Aim of the task:
Begin at the line containing "Mesa de Comedor" in the data below and go on through the line containing "Wooden VW Car Orange Stitch...", repeating each line exactly; include both ends and no other line.

Available data:
# # # # # # #

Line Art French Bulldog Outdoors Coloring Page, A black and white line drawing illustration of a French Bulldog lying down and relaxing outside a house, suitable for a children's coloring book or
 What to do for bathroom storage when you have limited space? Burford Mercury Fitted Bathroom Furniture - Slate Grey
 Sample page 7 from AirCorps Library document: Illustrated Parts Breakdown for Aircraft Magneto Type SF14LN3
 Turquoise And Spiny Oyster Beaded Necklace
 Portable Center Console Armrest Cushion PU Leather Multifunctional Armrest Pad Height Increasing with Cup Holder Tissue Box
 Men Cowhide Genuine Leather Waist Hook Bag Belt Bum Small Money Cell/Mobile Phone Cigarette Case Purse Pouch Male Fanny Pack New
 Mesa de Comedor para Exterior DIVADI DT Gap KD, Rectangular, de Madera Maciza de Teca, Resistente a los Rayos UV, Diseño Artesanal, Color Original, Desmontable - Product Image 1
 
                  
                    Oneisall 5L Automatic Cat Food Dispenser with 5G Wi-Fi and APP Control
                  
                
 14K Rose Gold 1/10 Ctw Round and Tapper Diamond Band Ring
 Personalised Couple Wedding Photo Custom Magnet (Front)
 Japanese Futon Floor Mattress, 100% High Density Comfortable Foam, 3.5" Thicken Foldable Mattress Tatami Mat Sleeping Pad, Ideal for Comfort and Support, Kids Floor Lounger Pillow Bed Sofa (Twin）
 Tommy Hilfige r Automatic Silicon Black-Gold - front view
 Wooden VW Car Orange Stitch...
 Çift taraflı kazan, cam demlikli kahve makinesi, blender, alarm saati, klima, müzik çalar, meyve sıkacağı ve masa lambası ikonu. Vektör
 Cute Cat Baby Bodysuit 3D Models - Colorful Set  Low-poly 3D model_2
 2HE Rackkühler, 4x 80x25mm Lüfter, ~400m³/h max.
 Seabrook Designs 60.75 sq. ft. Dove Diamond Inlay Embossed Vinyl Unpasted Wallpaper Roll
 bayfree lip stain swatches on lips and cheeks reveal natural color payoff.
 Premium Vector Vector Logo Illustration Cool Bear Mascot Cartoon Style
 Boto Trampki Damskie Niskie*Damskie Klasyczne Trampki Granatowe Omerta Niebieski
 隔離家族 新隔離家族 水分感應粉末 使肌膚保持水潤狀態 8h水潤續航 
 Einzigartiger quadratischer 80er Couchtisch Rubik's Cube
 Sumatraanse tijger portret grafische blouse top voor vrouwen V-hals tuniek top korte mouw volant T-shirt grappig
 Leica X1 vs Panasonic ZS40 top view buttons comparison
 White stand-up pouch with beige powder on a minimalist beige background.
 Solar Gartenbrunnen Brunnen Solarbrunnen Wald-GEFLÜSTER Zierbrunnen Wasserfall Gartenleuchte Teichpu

# # # # # # #

Response area:
 Mesa de Comedor para Exterior DIVADI DT Gap KD, Rectangular, de Madera Maciza de Teca, Resistente a los Rayos UV, Diseño Artesanal, Color Original, Desmontable - Product Image 1
 
                  
                    Oneisall 5L Automatic Cat Food Dispenser with 5G Wi-Fi and APP Control
                  
                
 14K Rose Gold 1/10 Ctw Round and Tapper Diamond Band Ring
 Personalised Couple Wedding Photo Custom Magnet (Front)
 Japanese Futon Floor Mattress, 100% High Density Comfortable Foam, 3.5" Thicken Foldable Mattress Tatami Mat Sleeping Pad, Ideal for Comfort and Support, Kids Floor Lounger Pillow Bed Sofa (Twin）
 Tommy Hilfige r Automatic Silicon Black-Gold - front view
 Wooden VW Car Orange Stitch...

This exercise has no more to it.